**WHAT TO WORK ON**: Leave out the pictures, and reproduce exactly the lines from the line containing "Used 2016 Jeep" through the final line of the entries.

== Segment start ==

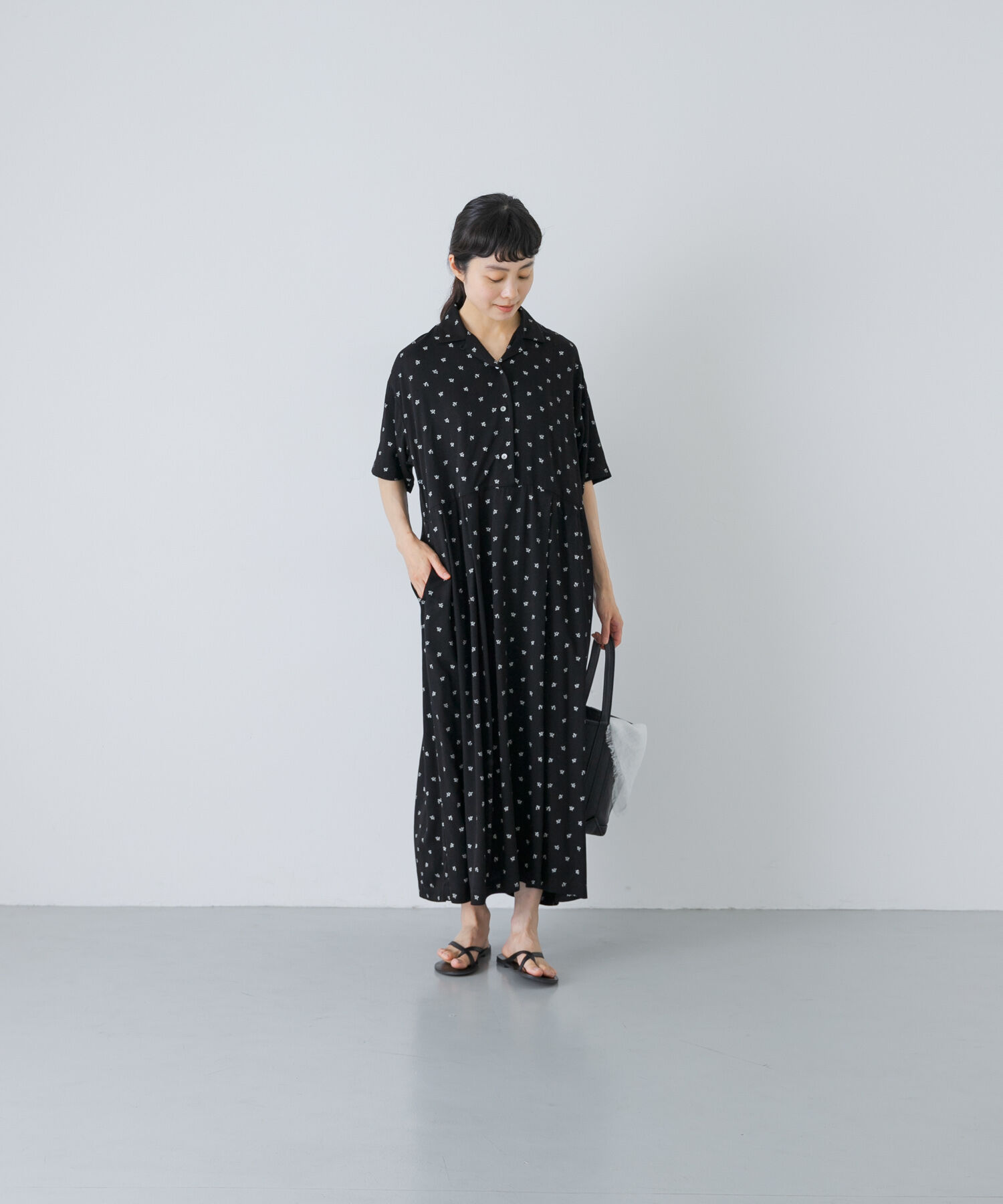 かぐれ「『2サイズ展開』レーヨンモノトーンプリントワンピース」|ワンピース|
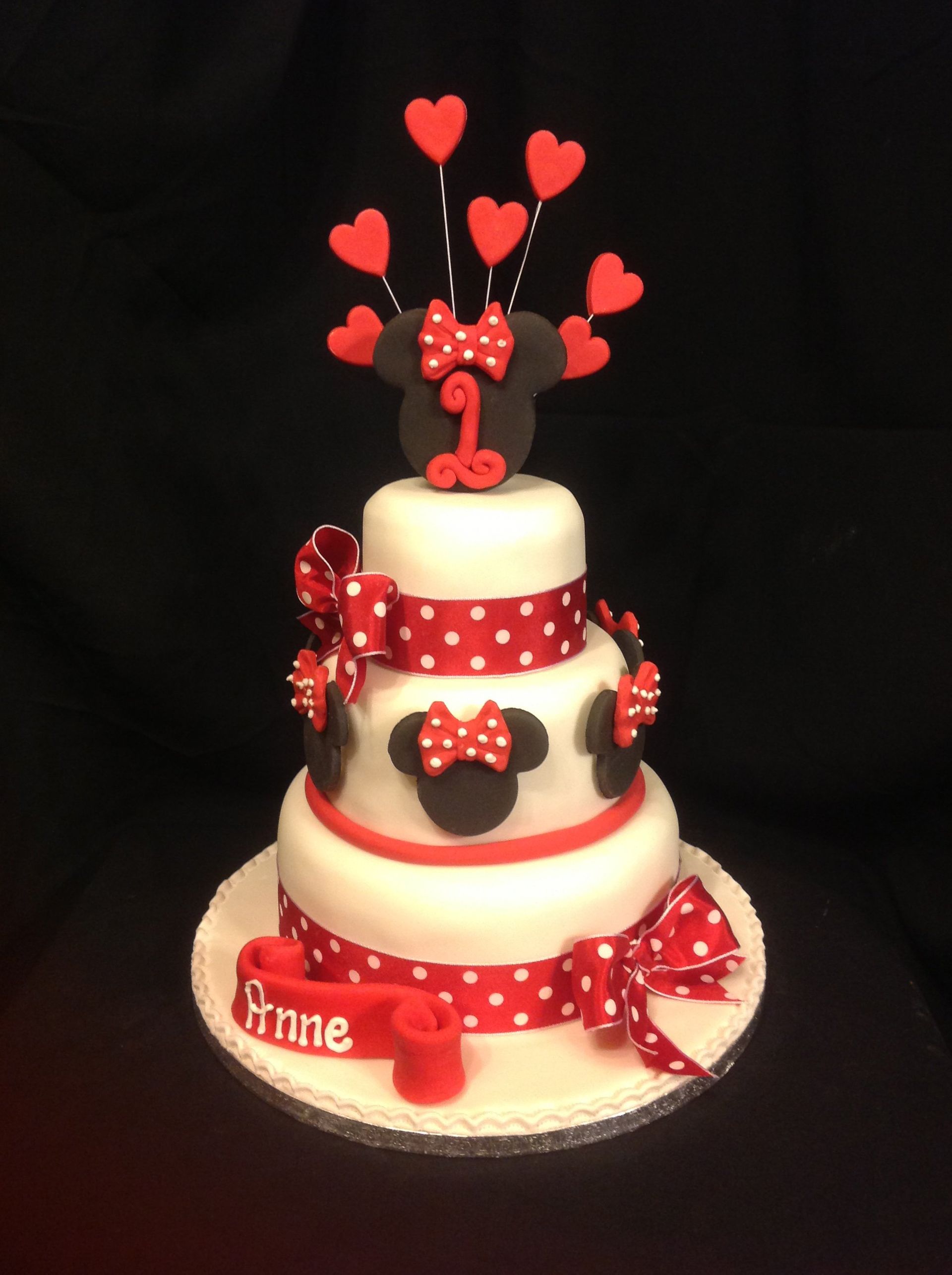 Minnie Mouse 3 tier cake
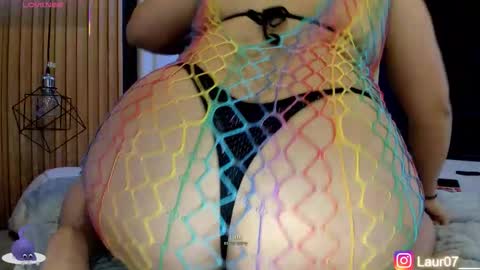 Snapshot of lauroberts chatting on October 3, 3:36 am Lau Roberts online show from October 3, 3:36 am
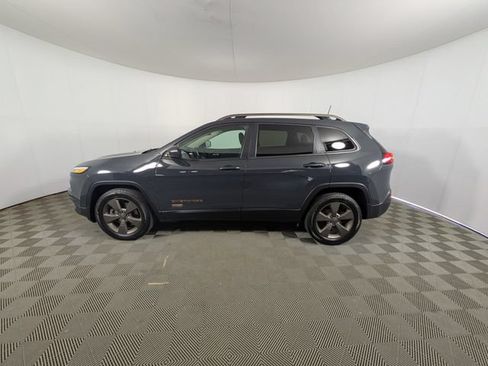 Used 2016 Jeep Cherokee 75th Anniversary AWD/4WD image 16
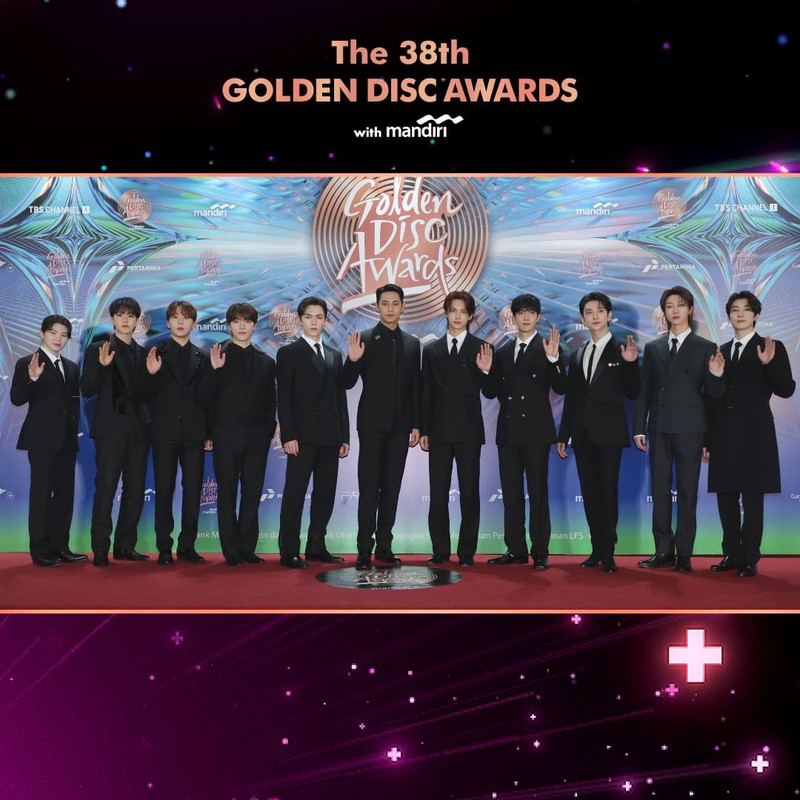 STAYC dalam acara Golden Disc Awards 2024 di Jakarta International Stadium (JIS). (Dok: Instagram @golden_disc) STAYC dalam acara Golden Disc Awards 2024 di Jakarta International Stadium (JIS). (Dok: Instagram @golden_disc)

== Segment end ==

**REPLY**:
 Used 2016 Jeep Cherokee 75th Anniversary AWD/4WD image 16
 STAYC dalam acara Golden Disc Awards 2024 di Jakarta International Stadium (JIS). (Dok: Instagram @golden_disc) STAYC dalam acara Golden Disc Awards 2024 di Jakarta International Stadium (JIS). (Dok: Instagram @golden_disc)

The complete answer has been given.